Two: ‘Allocate Homeland Security grants strictly on the basis of risk and vulnerability, not politics, so that the money flows, from the best information you have, to where the terrorists will strike next.’
Hamilton said ‘a very good bill’ has been passed overwhelmingly with good, strong bipartisan support in the House, and the Senate has passed a ‘less desirable’ bill. Hamilton said the commission favors the House bill and hopes it will be passed into law and signed by President Bush this year.
Three: Federal law now requires the Dept. of Homeland Security to complete a couple of reports recommended by the commission. One concerns a national strategy for transportation security, and the second assesses the vulnerability of the nation’s critical infrastructure.
The first report should have been filed April 1, and the one on infrastructure vulnerability was due June 15. Neither has been filed. The secretary of Homeland Security, Judge Michael Cherthof, is responsible for this, but he also answers to the President, Hamilton said.

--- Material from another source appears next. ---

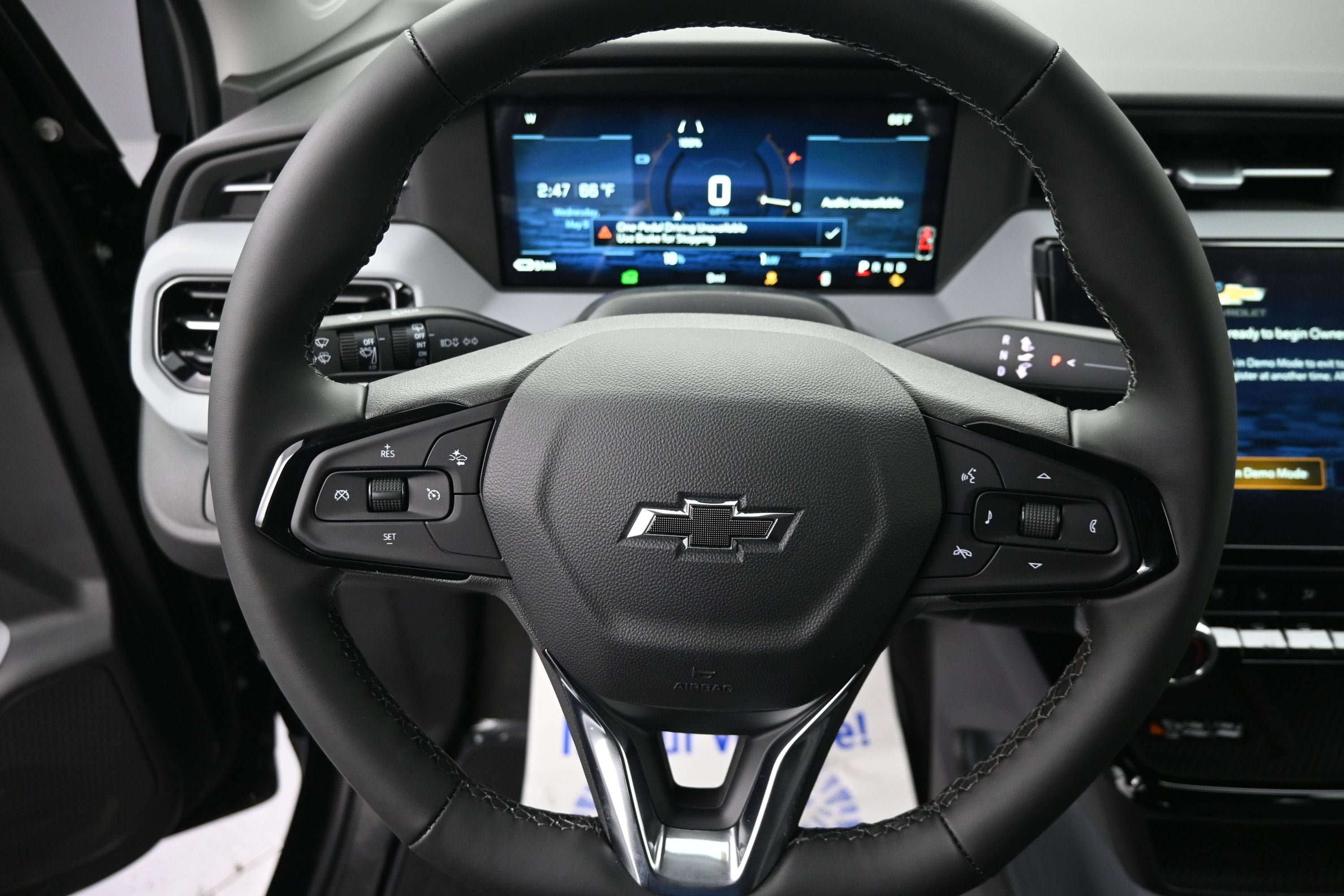 New 2027 Chevrolet Bolt RS w/ Technology Package FWD image 12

‘You can’t prepare for a terrorist attack or a risk unless you have analyzed the risk and the vulnerabilities and assigned priorities,’ Hamilton said.
‘You must put these plans into place. I don’t suggest that creating these plans is easy. It’s not. It’s very hard. You have to set priorities and make choices. You simply can’t protect every piece of infrastructure in the country, so you have to make choices and establish priorities, and you do that by putting together a plan or a strategy. You have to protect some critical infrastructure and not others.

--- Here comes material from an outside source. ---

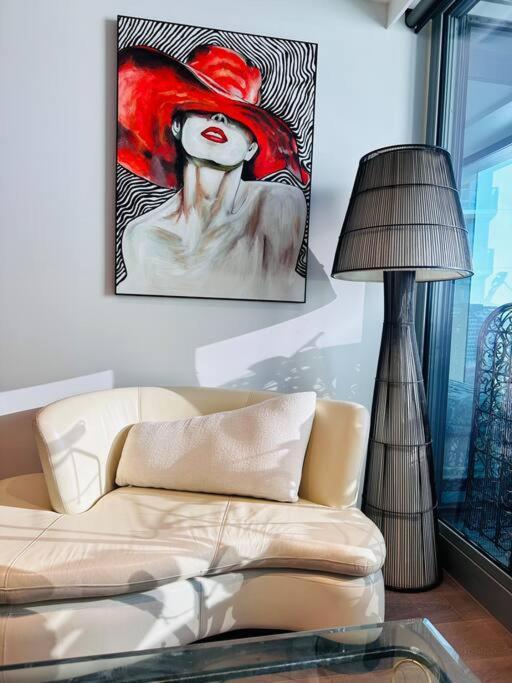 Royal Executive Living Corporate Residency Apartment *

‘Political leaders don’t like to make judgment calls about priorities because they can be wrong. But we elect our leaders to make these decisions, and they owe us the best analysis and they owe us the best judgments as to where we deploy our resources and secure our homeland, and they have not done it.’

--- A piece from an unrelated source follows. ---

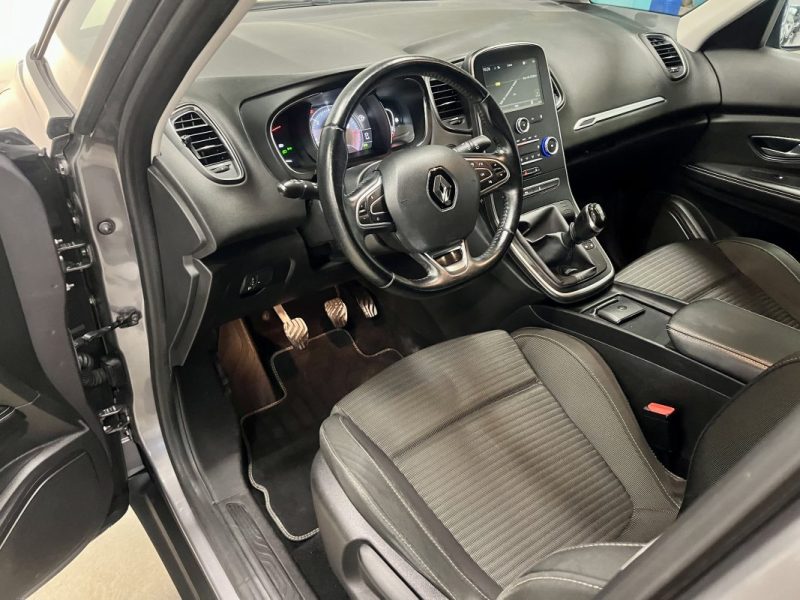 RENAULT Scenic IV 1.5 DCI 110ch Energy Business BVM6 5 places GARANTIE 6 MOIS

Cherthof hasn’t explained, even at his confirmation hearings, why his reports are very late.
Four: ‘We must adopt a command system at the point of the disaster. In both 9/11 and Katrina, you had a disarray in command at the point of impact. No one agency was clearly identified as being in charge. And when you have confusion, that costs lives,’ Hamilton said.
‘You have literally hundreds of decisions that have to be made very quickly regarding personnel, where to put them, what kind of equipment to have, what do you do first, what do you do second, search and rescue operations, and so on.
‘You have to have a command structure that is unified, effective and efficient. Even when you have that, it’s still very chaotic, and when you don’t have it, it’s even more so.’
During a major catastrophe, federal, state and local officials and many private citizens all find themselves involved in emergency response. ‘Somebody has to be in charge,’ Hamilton said. ‘When you don’t have somebody in charge, you have chaos.
‘A lot of communities have wrestled with this, and a lot have not. It’s hard to find out where the country is as a whole on this. We feel on the commission that progress has been too slow. Terrorists are not going to accommodate some kind of bureaucratic timetable. The urgency of action should match the urgency of the threat.
‘This is where the concentration of effort ought to be done ‘ and can be done ‘ in the next few months.’
Hamilton said he thinks these recommendations are all achievable.